Acabadas as festas natalícias, conversámos por acaso, mas a esse propósito, com uma menina dos seus nove anos de idade, que é bastante inteligente, tem muita curiosidade e vontade de aprender, e que é igualmente uma excelente aluna.

Mas dito isto, a rapariga não fazia a mais leve ideia, que o Menino Jesus era o Cristo. Conhecia perfeitamente ambos os nomes, mas cria que cada um deles correspondia a uma pessoa diferente.

É possível comemorar o Natal sem se ter a menor ideia que o Menino Jesus e Cristo são o mesmo ser? Pelos vistos é. Na verdade, não é preciso procurarmos muito, para encontrarmos celebrações, comemorações e festas, cuja verdadeira razão de ser e respectivo significado, poucos conhecem ou sabem.

A humanidade desde sempre festejou os seus deuses, as suas histórias, as suas lendas, santos, heróis e mitos, mas tudo isso tinha um sentido, que estava associado a um significado que por todos era conhecido.
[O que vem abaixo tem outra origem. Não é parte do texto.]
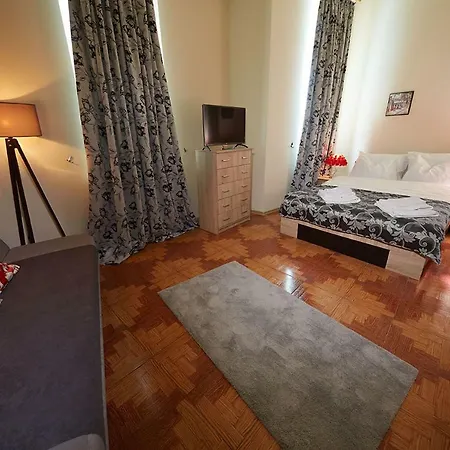 Standard Apartment *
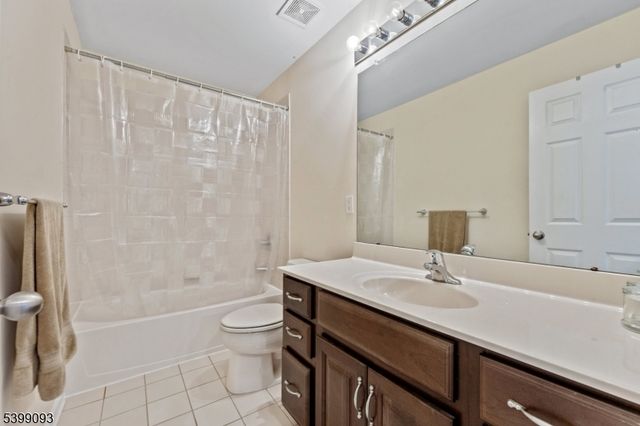 26 Rouser Way, Hillsborough Twp., NJ 08844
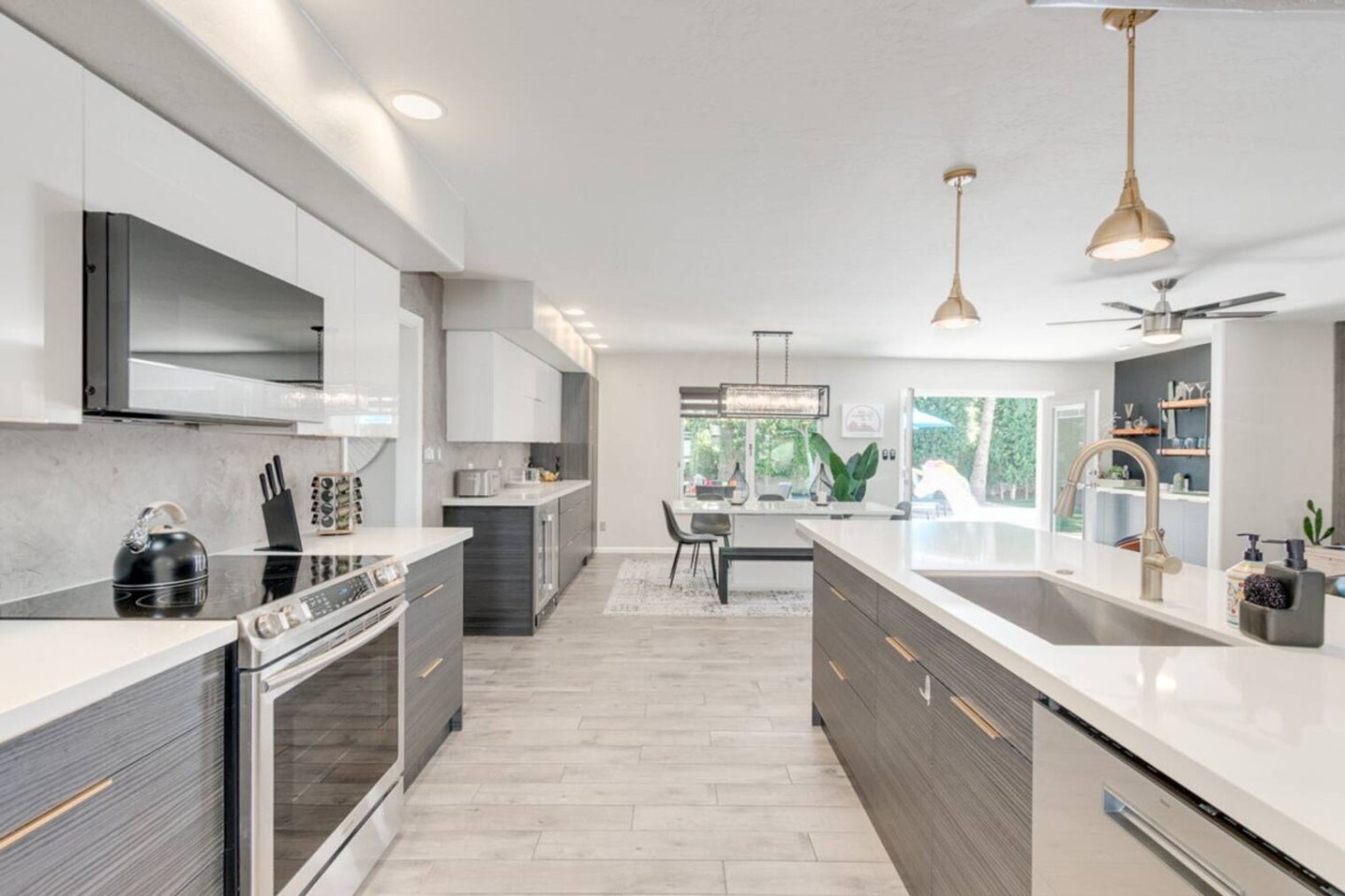 Building Photo - 6843 E Sheena Dr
No entanto, parece que agora tal já não é preciso, pois festa é festa, e pouco importa o sentido e o significado do que se assinala e se festeja.

Nunca nos cansamos de falar do Halloween, e de como crianças e jovens em Portugal e não só, o comemoram tão entusiasticamente. Todavia, se porventura conversarmos um pouco que seja com muitas dessas crianças e jovens, rapidamente chegaremos à conclusão, de que não têm a mais pequena noção, da razão de ser de tal festa. Quando muito sabem que tem a ver com sustos e bruxas, e por isso se mascaram e pronto, está o dia feito.



Poderíamos arranjar outros exemplos semelhantes, mas o nosso ponto, é o de que hoje em dia há festas e comemorações, em que pouco ou nada se liga e sabe do seu sentido e significado.

O mesmo é dizer, que não se quer saber dos deuses, das histórias, das lendas, dos santos, dos heróis e dos mitos a esses eventos festivos associados, ou seja, a tudo aquilo que dá às festas e celebrações sentido e significado, e que faria com que estas não fossem uma mera mascarada.


Uma das primeiras notícias que existem de celebrações cujo sentido e significado se perdeu, data de 1956. Nesse ano, o arqueólogo George Michanowsky (1920-1993) viajando por uma remota região da selva boliviana, deparou-se com uma enorme festa, em que havia dança, álcool com fartura, abundante comida, música ruidosa e alegria geral.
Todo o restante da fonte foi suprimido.